[Note From Oct 2020: Consider this entire essay retracted, see here for why.]

In a sentence, it probably has the best anti-terrorism and anti-crime effect per dollar or man hour of any human endeavor – enabled by overzealous laws that seem to be used more for the threat of enforcement than to actually punish noncompliance.

Obviously, all laws should have a deterrence effect. If something is morally unacceptable, laws to punish it ought to, among many things, attempt to reduce frequency of occurrence. I get a bit worried when the laws can be a bit vague, and somewhat terrified when the laws are so broad that you could reasonably claim everyone is breaking them.

Know Your Customer laws can very easily fall into that trap. Financial institutions need to know their customers, what they do, and what's normal and abnormal in their transactions. That's sort of a broad mandate. If someone says they're granite wholesalers, I'm not sure what I would see that's unusual for them. If they sold to another business, I mean, why does anyone buy granite? Presumably for construction – but all businesses are indoors, and it could be they want fancy granite to give to a contractor. Is there any transaction, in any amount, to any other accounts that would surprise me? Perhaps regular, equally sized payments to non-construction firms. That'd be about it.

But I'm no professional – I'm not sure I'd be able to sleuth out suspicious behavior. But I've read several textbooks on forensic accounting, and tried to contact the FBI about details of this process (for the purposes of seeing if someone could make an engaging video game of this process – I still do not know, because the local office had literally no one who was responsible for answering that kind of question – not too surprising, I guess, it's both uncommon and not a priority). It seems complicated. But that's my entire point! I know some about accounting and have read textbooks about forensic accounting specifically, which makes me more than an idiot, and yet I'm not up to the task... but every bank must be. And given Know Your Customer requirements seem to rely on local branches physically seeing and speaking with people, at least occasionally, every branch must also have this expertise on hand... maybe?
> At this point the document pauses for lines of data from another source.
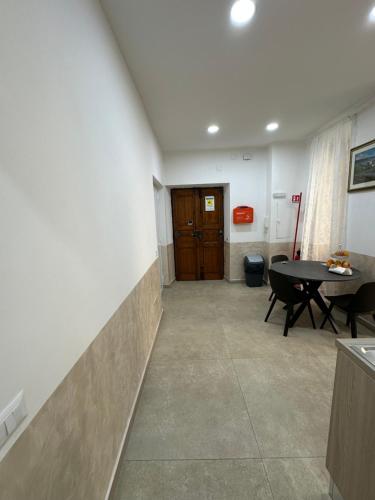 YouRoominRome 5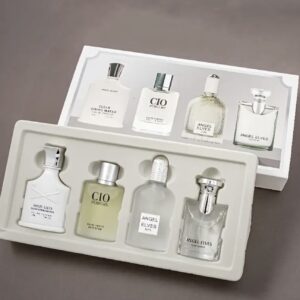 ست  ۴ عددی عطر مردانه – ۴ بطری ۳۰ میلی‌لیتری   با چهار رایحه تازه گلی چوبی، گرم ادویه‌ای چوبی، تازه میوه‌ای ملایم، مرکباتی ادویه‌ای مردانه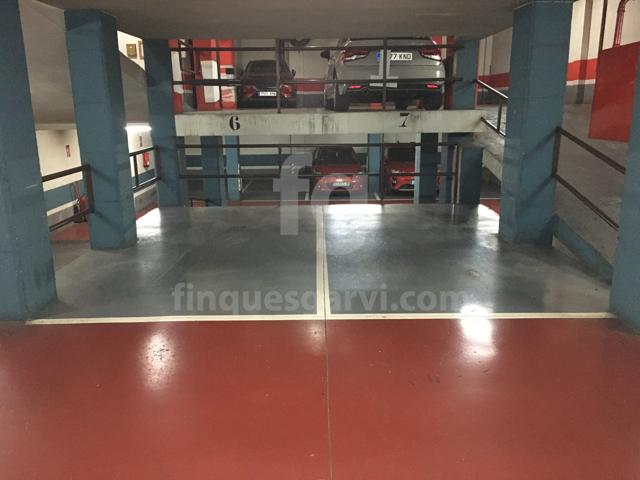 Parking en venta o alquiler en Carrer de Sants photo 0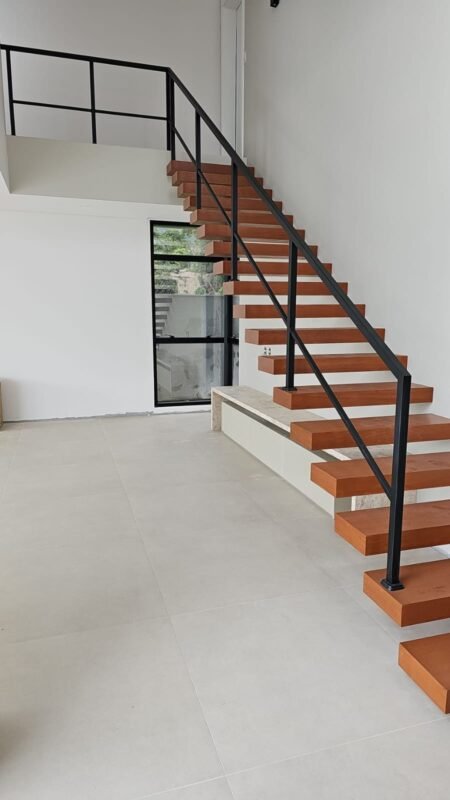 Escada Metálica com Degraus Flutuantes – obra MetalPriss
Presumably there's some way to centralize this process, but on the border between suspicious and not there can be a lot of in-person confusion needing to be cleared up. So presumably the only efficient way to do this is to over-report, if you are a bank.

Massively over-report too – if you miss something suspicious (for some unknown meaning of the term) you could get in trouble. So essentially there's a small bit of the government that gets to peek into every part of life involving money.

Somewhat astonishingly, I've never heard any stories of truly bad abuse. I'm sure they make mistakes sometimes, and surely the law isn't exactly lined up with my preferences, so enforcing it strongly might suck, but just not hearing of terrible abuses puts it miles ahead of cell phone and internet surveillance, which are terrifyingly more invasive, used, occasionally, for the personal stalking of government employees, and provide almost no benefit that's been disclosed to any senator.

Every other intelligence community effort should hang their head in shame in comparison to AML/CFT work, which has a relatively light footprint and gets pretty remarkable results.

In an ideal world, almost all other mass surveillance would be canned and this would be considered as the balance people would want to take between security and privacy. We don't live in that world, but in the meantime, the people doing the work certainly have nothing to be ashamed of, they're doing great stuff.